Audit value for new rows

Topics: Issues 2: Using the Component (Design-Time)
Aug 27, 2010 at 11:04 AM
Edited Aug 27, 2010 at 11:32 AM

In the past, I have stored an audit key, unique to the execution of the package, against both new and changed rows in a dimension. The Kimball SCD control allows me to allocate a user variable to changed rows, but I would also like to use the same value for new rows. The Auditing tab allows me to set a 'Default Value For New Rows', however if I type in a variable, e.g. User::AuditKey, it crashes the control, returning me to the SSIS design screen. Does anyone have a solution for this?

Further to the above, the 'Default Value For New Rows' doesn't allow -1 to be set. It allows it to be entered, but it doesn't save.

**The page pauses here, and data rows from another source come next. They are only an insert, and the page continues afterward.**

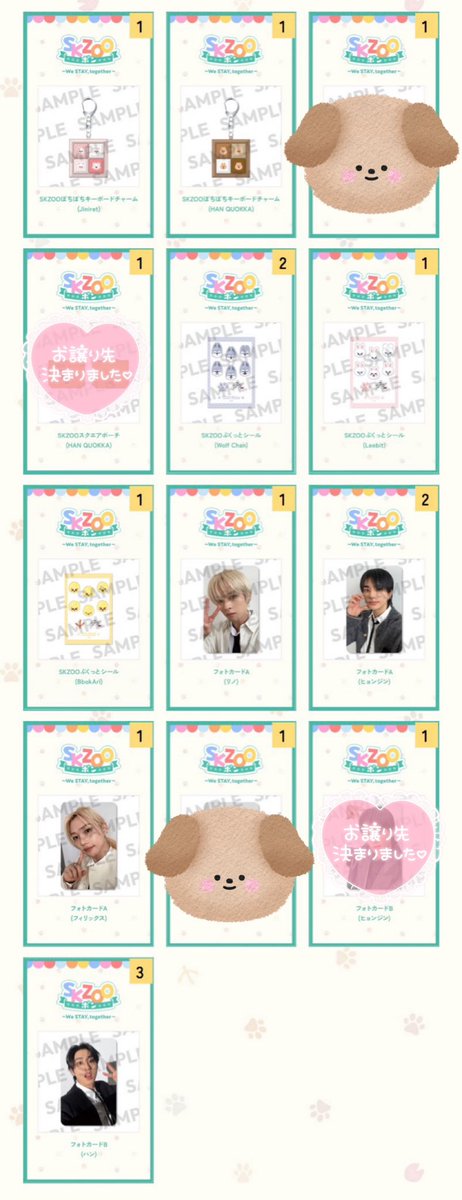c_jk97_tk's tweet photo. StrayKids スキズ　SKZOOポン　オンライン　交換

【譲】画像のもの

【求】同種🐶

＊長期のお取り引きとなるためキャンセルしない方

＊郵送or大阪市内手渡し

お気軽にお声掛けください https://t.co/AVuysRlgz4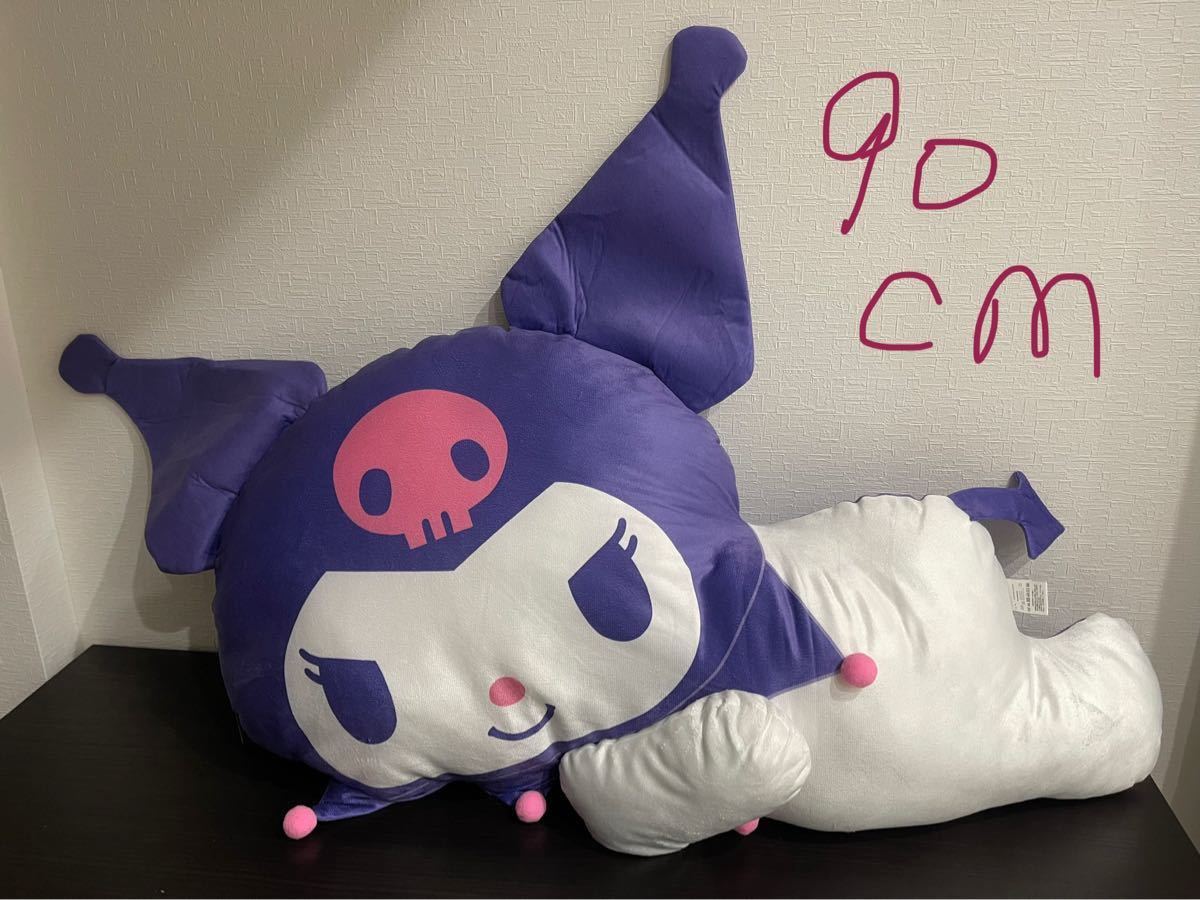 高価値】 ポムポムプリン 超超BIG DXぬいぐるみ サンリオ 大きい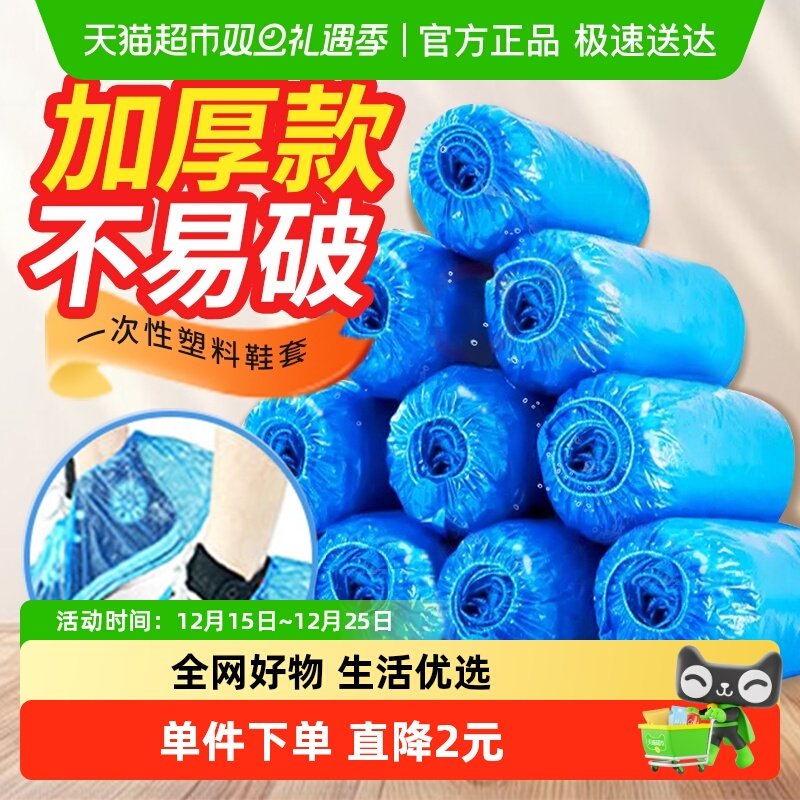 包邮暖火塑料鞋套加厚一次性雨天防水脚套机房室内耐磨待客100只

If you click on Finish, then go back into the control properties, the default value resets to 0. Again, any suggestions?

Coordinator
Aug 28, 2010 at 11:53 PM

If you're using v1.5 or higher of the component, you should see more than one row available on the Auditing tab to specify variables.  The number of rows on the auditing tab depends on how many columns you've identified as Auditing columns on the Existing Dimension tab.  You can identify a column as an "audit add" column - it doesn't sound like you've done that.  Second, you don't have to type anything in to the "variable" column on the auditing tab - just pull down the combobox and you should see a list of variables.

I do see the problem with setting a default value of -1.  Not sure what's causing that at the moment, but I'm going to create a workitem for that.

Nov 1, 2010 at 7:57 PM
Edited Nov 1, 2010 at 9:46 PM

Hi guys, am just trying to get my head around the auditing implementation.

Initially I thought that the 4 Audit type fields should be datetime fields and they record datetimes for each corresponding action. Elsewhere on this site I saw an indication that a date would be appropriate for Default Value for new rows.

However I now don't think this is right.

Now I think I understand that there can be an audit table which has a single key. This Audit key can be assigned to dimension rows in one of the 4 audit field types and the component will assign the "Auditing Value" for each value accordingly. However the thing that it confusing me is why does the system allow there to be 4 different values? Surely as there is only ever one Auditing record produced - there only needs to be one key? (Here I am talking about the key in the Audit Table, not the <= 4 that are in the dimension table, I get the need for those)

Additionally what is the recommended method for setting the variable(s) - do you have a control flow task that works this out before the DataFlow task or some other trick?

And what is the purpose of the "Default Value for new rows" column? If it is has to be a variable, can't you just rely on the variable default value?

Sorry, there isn't any documentation that I can find for this and although I have read the DW Lifecycle toolkit book and understand the concepts, this level of detail has passed me (maybe this is detailed in the ETL books that I have yet to buy)

Nov 2, 2010 at 5:49 PM

Further to this - I have just noticed that the Invalid Input (output) Audit Columns (Row added and Last Changed) always seem to be null.

Is this expected behaviour?

I was hoping to be able to write the output to a "Invalid Input" table and have the Audit fields link to the appropriate execution run?

Coordinator
Nov 9, 2010 at 5:28 PM

Better documentation would be great, right?  Right. ;)

Yes, the Audit column is primarily intended to be given an integer value that really maps into an "audit dimension table" that has one row per "load".  However, I made it such that you could throw in dates or strings, or whatever.

Why the default value?  Why not "just use" the variable?  Because it doesn't make much sense to fill in the "SCD2 Changed" with the auditing "key" that you've defined for "adds".

Nov 9, 2010 at 6:12 PM

Thanks Todd, that has clarified things.

So the (normal) practice would be that before running the component -

  1. You create a new Audit dimension record
  2. Capture the id
  3. Load that id into a variable 
  4. Provide this variable value to all the 4 Audit columns (or as many as you have used)

If the Auditing tab just had a single "Audit " variable and default value I think I would have understood it intuitively. I have thought hard but I can't imagine a case where these 4 values would differ from each other, is there any common case this would happen?

I understand the default value now - I am not using SCD2 currently hence my confusion - however I had anticipated this would be handled by default values on the "New" output or default values on the table but can see that this provides simplification in some cases.

How about the behaviour I reported where the Audit * Columns are blank on the "Invalid Input" output . Is this expected or is it a bug?

Coordinator
Nov 25, 2010 at 6:19 PM
Edited Nov 25, 2010 at 6:21 PM

Your interpretation is correct - that's exactly what I do.

I have had specific requests for "more flexible" auditing - and that's why there are four different capabilities there.  You and I find a number - a surrogate key reference to an audit dimension - perfectly acceptable.  But if I recall correctly, a few others were wanting to put dates or strings or GUIDs in there, and/or were wanting a few rows in their audit dimension referencing the different actions.

I'll have to look at the Audit columns on the Invalid Input output.  I'm thinking they shouldn't be there at all - since it's not an "output" row... but it could be useful, couldn't it?